Revision as of 20:21, 31 March 2011

Advanced Robotics: Navigation and Vision


  • Larry Matthies (coordinator),
  • Roland Brockers, Brian Williams, Adnan Ansar, Yang Cheng, Nick Hudson, Tom Howard, Yoshi Kuwata, Jeremy Ma
  • Lectures: Tue/Thu, 2:30-4 pm, 306 TOM
  • Office hours: Tue/Thu, 4-5 pm, 303 TOM (by appointment only)

Teaching Assistants (

Course Mailing List: (sign up)


  • 29 Mar 2011: The course page has been set up. The page for ME/CS 132a (Winter 2011) can be found here.

Course Information


There are no formal prerequisites for the course. ME 115 ab (Introduction to Kinematics and Robotics) is recommended but not necessary. Students are expected to have basic understanding of linear algebra, probability and statistics. We will review some of the required background materials during the first week of lectures. Besides these, students should have some prior programming experience and know at least one of the following languages: C, Python, or MATLAB. Depending on the background of the class, we will hold tutorials for some of the programming languages to help students get started.


There are no midterm/final exams for this course. The grade will be based on (1) homework assignments (30%), (2) a week-long lab (20%), and (3) a course project (50%). Late homework will not be accepted without a letter from the health center or the Dean. However, you are granted a grace period of m (m to be determined) late days throughout the entire term for weekly homework. Please email the TAs and indicate the number of late days you have used on the homework. No grace period is allowed for the week-long lab or the course project.

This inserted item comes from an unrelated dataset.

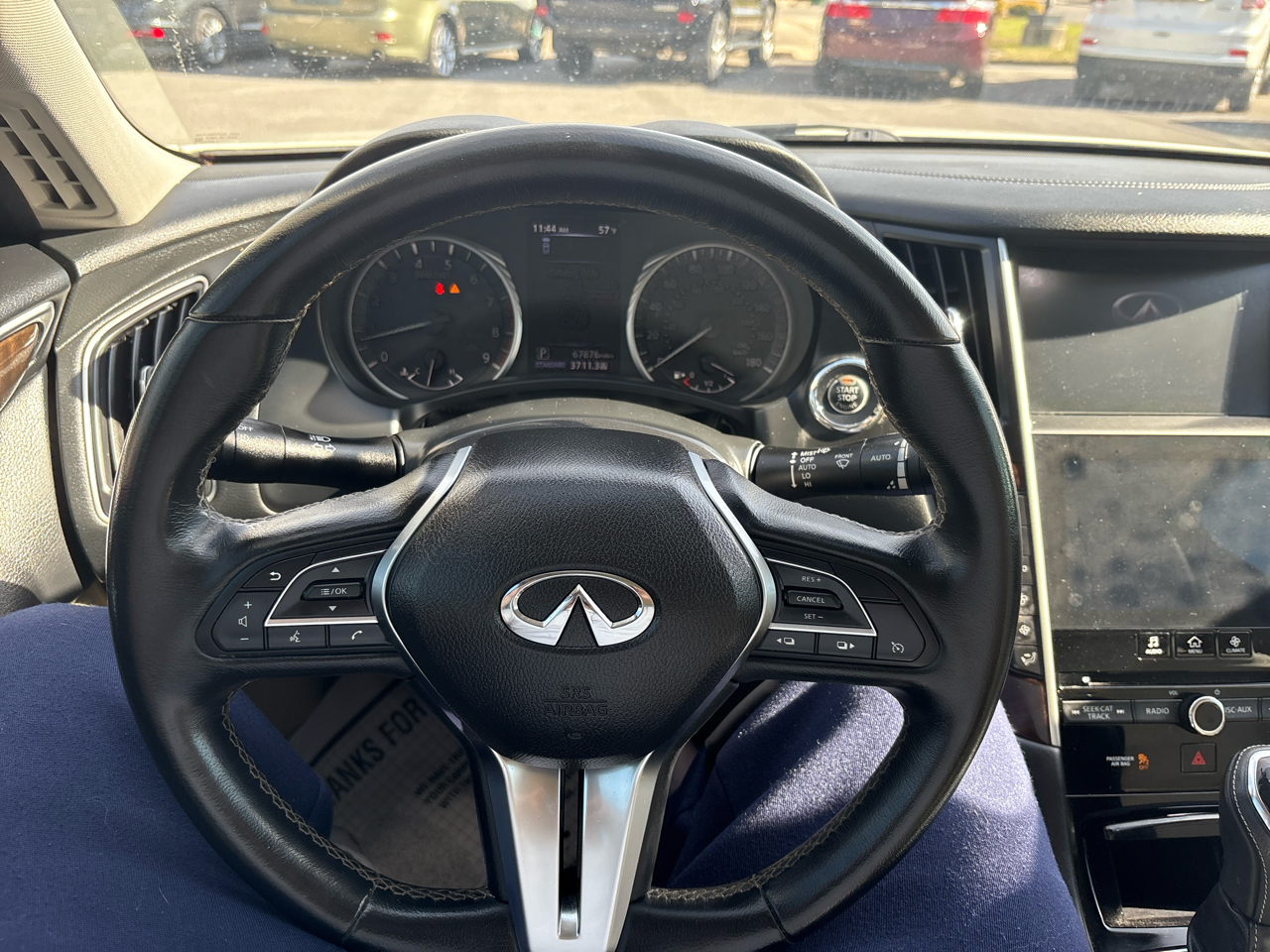 Infiniti Q50 3.0t LUXE 2019 Infiniti Q50 3.0t LUXE 2019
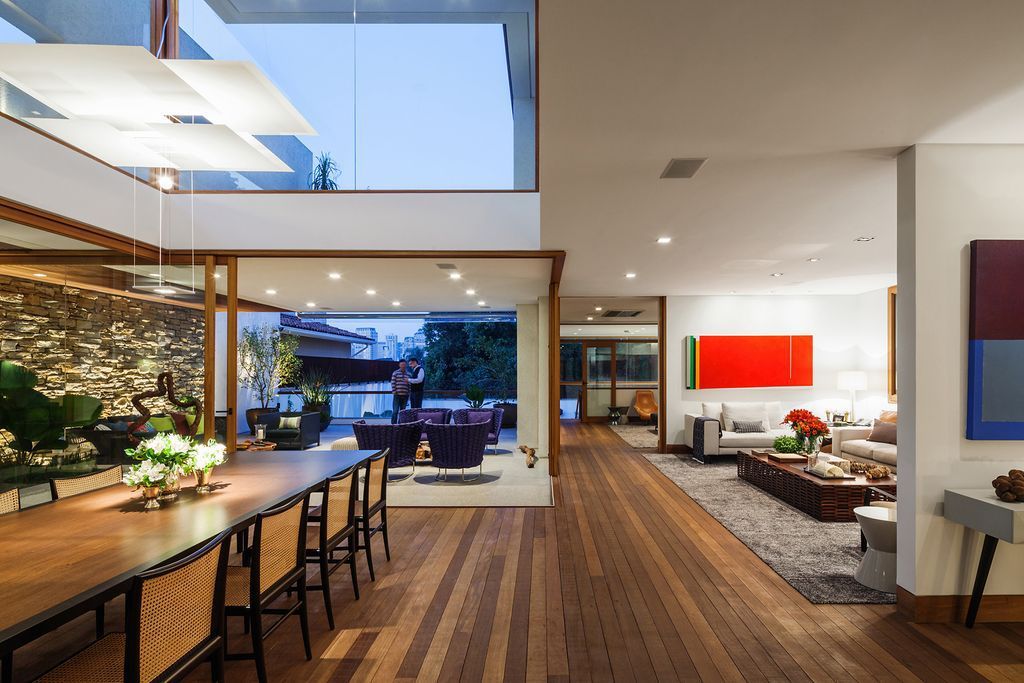 CT II Residence in Brazil by Reinach Mendonca Arquitetos Associados 4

  • Homework: Homework is usually due in one week after it is assigned. You can choose to
    • turn in a hard copy in class,
    • or, upload an electronic copy to the course server and send the TAs a note.
If you are unable attend the lecture, contact the TAs to find an alternative way to turn in your homework.
  • Course Project: Detail of this will be announced later in the course.

Homework Guidelines

  • On the back of the first page of your homework, write down the number of hours you have spent, including reading. This will help us keep track of the amount of homework and adjust future assignments if necessary.
  • Justify your answers. This will help us assign partial credits to your assignment even if the results are incorrect. On the other hand, we will deduct points if only results are shown without the necessary derivations.
  • You are encouraged to use professional libraries (such as OpenCV) for reading/writing files and analogous tasks. However, you cannot use functions which the homework implies you have to write yourself.
  • You will be given code examples in a few languages (MATLAB, C++, Python), but you are free to use any language with which you are comfortable.
  • You are responsible for the parameters you choose. If we give you a “reasonable” value for a parameter that does not appear to work, you should try other values.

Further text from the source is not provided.